**WHAT THIS TASK INVOLVES:**
One number is the full answer: how many lines in the records contain the word "Print"?

--*--

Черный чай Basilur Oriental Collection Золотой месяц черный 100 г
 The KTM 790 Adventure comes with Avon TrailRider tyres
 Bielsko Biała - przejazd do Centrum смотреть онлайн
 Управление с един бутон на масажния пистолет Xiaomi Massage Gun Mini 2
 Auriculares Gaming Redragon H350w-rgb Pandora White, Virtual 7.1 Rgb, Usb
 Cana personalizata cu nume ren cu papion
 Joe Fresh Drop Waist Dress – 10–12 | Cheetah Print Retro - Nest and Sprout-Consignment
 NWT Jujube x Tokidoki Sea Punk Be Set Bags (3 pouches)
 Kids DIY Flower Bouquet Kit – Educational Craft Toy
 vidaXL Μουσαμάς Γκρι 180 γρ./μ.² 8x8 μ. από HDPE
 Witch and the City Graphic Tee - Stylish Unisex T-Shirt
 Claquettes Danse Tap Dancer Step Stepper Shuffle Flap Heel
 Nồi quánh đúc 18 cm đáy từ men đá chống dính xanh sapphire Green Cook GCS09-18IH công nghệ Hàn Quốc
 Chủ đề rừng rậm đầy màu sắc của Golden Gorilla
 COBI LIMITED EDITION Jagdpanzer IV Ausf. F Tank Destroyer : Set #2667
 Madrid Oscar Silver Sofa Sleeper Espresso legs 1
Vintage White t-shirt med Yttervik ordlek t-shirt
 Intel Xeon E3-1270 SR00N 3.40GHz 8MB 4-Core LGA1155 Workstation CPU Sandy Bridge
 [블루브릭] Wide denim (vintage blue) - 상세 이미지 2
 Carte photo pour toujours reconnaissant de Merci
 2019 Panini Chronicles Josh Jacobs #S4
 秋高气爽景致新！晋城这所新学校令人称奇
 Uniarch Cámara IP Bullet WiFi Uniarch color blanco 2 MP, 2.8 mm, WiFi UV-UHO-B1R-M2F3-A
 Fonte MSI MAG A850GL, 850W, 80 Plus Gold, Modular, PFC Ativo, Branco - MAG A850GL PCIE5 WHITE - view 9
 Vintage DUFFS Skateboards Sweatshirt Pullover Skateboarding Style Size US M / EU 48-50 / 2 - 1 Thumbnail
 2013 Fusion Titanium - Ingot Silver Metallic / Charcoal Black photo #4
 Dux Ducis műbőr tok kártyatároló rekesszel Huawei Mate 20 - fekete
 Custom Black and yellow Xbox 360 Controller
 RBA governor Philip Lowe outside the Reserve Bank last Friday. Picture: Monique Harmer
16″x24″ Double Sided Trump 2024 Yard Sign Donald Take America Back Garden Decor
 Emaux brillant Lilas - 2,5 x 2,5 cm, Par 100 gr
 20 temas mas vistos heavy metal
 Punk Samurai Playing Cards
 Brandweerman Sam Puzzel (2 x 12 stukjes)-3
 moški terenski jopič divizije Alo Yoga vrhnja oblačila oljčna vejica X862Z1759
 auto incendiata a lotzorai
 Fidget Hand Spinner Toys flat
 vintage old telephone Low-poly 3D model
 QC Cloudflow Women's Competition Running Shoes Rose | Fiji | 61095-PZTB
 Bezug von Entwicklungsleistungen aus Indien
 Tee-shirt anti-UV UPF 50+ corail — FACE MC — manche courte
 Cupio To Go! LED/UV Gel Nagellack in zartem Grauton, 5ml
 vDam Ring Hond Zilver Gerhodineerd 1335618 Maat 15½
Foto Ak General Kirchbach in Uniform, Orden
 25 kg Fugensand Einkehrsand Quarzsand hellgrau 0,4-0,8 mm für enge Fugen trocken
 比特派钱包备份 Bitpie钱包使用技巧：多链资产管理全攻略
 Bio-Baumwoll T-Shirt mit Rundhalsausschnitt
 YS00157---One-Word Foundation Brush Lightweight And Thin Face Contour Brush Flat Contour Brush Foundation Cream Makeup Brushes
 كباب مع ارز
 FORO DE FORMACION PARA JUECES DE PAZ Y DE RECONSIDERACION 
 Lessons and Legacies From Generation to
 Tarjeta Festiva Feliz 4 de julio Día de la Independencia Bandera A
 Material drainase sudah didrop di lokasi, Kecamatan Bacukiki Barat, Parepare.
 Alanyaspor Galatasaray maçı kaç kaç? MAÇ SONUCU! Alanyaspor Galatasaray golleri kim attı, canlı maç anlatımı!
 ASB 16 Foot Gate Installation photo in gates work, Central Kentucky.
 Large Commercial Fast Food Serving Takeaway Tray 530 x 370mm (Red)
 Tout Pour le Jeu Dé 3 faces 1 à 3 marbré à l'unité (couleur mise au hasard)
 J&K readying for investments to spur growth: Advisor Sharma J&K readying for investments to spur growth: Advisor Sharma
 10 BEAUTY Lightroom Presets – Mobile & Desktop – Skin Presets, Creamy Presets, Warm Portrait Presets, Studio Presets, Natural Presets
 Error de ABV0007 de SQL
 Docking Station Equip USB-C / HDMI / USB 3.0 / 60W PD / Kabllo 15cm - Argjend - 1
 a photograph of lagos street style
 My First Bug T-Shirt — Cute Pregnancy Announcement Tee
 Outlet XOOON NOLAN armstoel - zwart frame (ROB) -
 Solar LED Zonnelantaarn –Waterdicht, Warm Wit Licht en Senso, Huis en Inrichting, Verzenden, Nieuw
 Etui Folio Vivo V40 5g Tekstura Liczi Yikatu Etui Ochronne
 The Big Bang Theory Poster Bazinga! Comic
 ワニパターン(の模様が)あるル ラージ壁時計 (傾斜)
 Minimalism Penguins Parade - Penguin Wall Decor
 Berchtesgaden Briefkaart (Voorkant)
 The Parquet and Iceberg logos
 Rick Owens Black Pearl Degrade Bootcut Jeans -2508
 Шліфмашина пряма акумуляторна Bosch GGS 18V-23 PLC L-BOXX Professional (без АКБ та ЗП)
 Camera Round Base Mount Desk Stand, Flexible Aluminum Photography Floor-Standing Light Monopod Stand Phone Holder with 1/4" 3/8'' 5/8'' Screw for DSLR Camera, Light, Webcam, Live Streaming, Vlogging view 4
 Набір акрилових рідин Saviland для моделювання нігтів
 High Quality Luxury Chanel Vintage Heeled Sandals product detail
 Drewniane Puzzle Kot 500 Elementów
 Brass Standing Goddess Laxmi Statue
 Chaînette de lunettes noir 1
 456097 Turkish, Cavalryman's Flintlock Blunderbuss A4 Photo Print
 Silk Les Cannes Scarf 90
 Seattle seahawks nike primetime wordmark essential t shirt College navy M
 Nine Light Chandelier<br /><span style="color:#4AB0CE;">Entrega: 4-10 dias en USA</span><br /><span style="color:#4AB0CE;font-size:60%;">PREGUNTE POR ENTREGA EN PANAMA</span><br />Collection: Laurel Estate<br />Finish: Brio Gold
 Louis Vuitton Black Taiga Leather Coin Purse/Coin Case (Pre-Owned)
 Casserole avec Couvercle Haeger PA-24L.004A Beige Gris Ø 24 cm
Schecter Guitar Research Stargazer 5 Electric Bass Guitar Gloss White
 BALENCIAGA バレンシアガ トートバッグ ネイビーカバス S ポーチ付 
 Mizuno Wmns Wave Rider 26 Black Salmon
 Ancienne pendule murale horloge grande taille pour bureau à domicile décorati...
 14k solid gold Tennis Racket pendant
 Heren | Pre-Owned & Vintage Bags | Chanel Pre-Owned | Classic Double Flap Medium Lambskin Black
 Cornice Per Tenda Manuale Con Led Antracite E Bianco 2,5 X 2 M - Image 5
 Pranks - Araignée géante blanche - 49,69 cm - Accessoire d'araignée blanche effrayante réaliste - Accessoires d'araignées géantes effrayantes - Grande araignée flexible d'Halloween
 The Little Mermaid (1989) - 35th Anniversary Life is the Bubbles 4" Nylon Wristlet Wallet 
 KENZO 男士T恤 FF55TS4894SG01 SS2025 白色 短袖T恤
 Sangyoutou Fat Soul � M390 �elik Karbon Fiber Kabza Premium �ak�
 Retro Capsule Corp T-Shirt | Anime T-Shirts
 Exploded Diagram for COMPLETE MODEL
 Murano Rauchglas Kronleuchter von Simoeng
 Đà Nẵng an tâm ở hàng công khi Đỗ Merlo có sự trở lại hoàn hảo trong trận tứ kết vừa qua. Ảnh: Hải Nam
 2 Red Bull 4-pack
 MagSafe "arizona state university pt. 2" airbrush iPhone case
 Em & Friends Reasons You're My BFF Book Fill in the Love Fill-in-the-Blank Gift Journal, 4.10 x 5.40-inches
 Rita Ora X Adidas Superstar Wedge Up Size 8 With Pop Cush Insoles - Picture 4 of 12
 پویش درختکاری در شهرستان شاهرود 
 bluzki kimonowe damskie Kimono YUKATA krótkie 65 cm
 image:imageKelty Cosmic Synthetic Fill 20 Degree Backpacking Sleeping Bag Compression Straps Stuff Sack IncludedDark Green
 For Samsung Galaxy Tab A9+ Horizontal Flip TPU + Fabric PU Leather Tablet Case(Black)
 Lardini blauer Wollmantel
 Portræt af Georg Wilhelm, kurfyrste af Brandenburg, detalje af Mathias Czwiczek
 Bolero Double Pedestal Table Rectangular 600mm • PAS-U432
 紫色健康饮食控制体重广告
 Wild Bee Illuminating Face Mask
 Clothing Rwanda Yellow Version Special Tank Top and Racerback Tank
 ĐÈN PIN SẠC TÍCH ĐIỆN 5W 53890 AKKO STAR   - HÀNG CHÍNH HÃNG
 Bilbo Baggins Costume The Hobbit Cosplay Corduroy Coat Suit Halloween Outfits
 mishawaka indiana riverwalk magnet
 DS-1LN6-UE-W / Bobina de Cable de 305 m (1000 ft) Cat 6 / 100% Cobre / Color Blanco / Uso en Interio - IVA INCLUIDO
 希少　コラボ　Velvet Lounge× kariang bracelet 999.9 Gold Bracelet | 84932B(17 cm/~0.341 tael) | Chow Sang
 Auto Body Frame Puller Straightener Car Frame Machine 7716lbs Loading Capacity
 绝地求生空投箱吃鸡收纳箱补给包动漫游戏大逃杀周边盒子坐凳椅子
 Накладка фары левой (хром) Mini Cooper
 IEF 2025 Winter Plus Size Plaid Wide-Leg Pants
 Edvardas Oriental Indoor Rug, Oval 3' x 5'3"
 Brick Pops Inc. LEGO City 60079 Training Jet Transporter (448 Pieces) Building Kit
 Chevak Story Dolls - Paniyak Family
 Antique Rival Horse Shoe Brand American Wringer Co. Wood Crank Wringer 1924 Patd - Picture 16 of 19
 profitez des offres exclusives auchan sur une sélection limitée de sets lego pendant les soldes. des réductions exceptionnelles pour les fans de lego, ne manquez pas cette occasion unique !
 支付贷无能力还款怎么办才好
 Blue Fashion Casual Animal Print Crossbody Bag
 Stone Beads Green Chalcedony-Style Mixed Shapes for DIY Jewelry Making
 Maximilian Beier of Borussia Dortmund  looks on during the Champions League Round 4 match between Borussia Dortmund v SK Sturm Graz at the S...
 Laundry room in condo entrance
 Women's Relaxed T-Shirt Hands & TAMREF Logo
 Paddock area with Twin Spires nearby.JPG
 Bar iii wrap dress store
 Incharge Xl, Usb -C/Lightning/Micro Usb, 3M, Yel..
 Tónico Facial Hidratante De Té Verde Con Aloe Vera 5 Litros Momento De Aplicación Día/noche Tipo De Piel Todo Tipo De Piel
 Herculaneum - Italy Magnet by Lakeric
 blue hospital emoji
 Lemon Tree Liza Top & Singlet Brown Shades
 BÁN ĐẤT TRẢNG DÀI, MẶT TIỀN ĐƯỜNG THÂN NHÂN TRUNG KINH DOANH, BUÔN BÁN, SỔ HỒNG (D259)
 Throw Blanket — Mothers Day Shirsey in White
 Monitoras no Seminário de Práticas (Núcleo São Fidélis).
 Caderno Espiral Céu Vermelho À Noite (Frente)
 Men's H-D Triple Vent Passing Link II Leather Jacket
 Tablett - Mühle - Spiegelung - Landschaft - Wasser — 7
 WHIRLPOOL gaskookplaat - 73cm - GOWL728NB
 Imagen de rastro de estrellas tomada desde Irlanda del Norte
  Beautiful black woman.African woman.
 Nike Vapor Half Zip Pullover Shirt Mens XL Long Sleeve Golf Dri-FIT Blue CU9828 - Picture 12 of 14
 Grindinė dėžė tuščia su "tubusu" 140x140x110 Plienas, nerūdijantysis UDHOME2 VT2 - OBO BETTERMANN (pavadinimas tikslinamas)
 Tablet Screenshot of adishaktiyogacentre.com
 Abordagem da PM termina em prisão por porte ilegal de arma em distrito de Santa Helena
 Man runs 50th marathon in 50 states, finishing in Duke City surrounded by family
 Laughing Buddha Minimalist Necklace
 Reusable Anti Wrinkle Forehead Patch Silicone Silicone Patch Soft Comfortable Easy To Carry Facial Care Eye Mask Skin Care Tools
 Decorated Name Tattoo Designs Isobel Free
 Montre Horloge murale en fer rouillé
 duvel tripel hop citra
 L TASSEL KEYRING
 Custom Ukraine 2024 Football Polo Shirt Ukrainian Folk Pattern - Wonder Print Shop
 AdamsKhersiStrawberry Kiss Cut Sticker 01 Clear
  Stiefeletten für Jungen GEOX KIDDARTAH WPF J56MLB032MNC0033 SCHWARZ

--*--

**EXERCISE ANSWER:**
4